A date for the next round of TTIP negotiations has not yet been announced, and it remains unclear how long it will take for a deal to be completed. “We don’t have a timetable, except we’re going to move quickly, and we want to get it right,” Mullaney said.
That likely depends on what happens in Congress. As 2014 kicks off, the USTR is hoping to overcome its mass of House opposition with a major push for fast-track authorization legislation.

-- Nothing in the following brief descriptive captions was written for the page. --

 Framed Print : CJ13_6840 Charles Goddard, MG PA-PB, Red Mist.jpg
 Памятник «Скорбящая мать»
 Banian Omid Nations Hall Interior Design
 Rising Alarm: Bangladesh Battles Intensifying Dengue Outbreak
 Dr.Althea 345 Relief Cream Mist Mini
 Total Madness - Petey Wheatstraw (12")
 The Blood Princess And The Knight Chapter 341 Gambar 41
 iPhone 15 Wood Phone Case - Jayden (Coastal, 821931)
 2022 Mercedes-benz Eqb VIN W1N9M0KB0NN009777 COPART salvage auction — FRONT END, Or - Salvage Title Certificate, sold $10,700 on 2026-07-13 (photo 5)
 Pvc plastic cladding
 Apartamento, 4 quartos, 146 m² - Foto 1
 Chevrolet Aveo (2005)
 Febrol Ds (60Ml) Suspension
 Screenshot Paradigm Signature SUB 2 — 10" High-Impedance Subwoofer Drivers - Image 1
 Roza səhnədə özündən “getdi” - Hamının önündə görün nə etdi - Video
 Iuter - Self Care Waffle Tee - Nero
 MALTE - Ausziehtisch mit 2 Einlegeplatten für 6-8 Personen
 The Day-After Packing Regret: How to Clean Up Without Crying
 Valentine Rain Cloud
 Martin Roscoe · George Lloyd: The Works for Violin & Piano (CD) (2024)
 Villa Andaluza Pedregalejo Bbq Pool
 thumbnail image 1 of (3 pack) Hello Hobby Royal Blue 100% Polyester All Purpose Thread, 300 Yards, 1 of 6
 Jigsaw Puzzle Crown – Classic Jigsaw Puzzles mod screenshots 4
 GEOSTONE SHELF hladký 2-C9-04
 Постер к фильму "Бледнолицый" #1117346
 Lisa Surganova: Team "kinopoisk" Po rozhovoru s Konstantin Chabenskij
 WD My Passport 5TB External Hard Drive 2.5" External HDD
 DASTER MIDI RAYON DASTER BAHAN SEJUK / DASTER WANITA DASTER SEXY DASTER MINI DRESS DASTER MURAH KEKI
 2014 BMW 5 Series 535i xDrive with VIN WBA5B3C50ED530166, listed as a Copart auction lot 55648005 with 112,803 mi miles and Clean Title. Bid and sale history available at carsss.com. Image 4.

Bills in the House and Senate are expected to be introduced any day, but given Congress’s busy legislative schedule for 2014, some observers believe the votes won’t actually take place until after the midterm elections.
In the meantime, opponents of the trade deals hope to counter the looming fast-track onslaught with a formula that’s proven successful so far: educating members of Congress and the general public alike about the depth of the corporate power grab the TPP and TTIP would facilitate.
“It still is the case that not many people, including many people in Congress, know about what these agreements are,” Public Citizen’s Weissman said on a conference call. “It’s hard to get your head around it because they provide these super rights to corporations that don’t seem plausible, but in fact do exist. And as people in Congress and in society learn more and more about this, I think there’s gonna be a bigger and bigger pushback.”
Cole Stangler is an In These Times staff writer and Schumann Fellow based in Washington D.C., covering labor, trade, foreign policy and environmental issues. His reporting has appeared in The Huffington Post and The American Prospect, and has been cited in The New York Times. He can be reached at cole[at]inthesetimes.com. Follow him on Twitter @colestangler.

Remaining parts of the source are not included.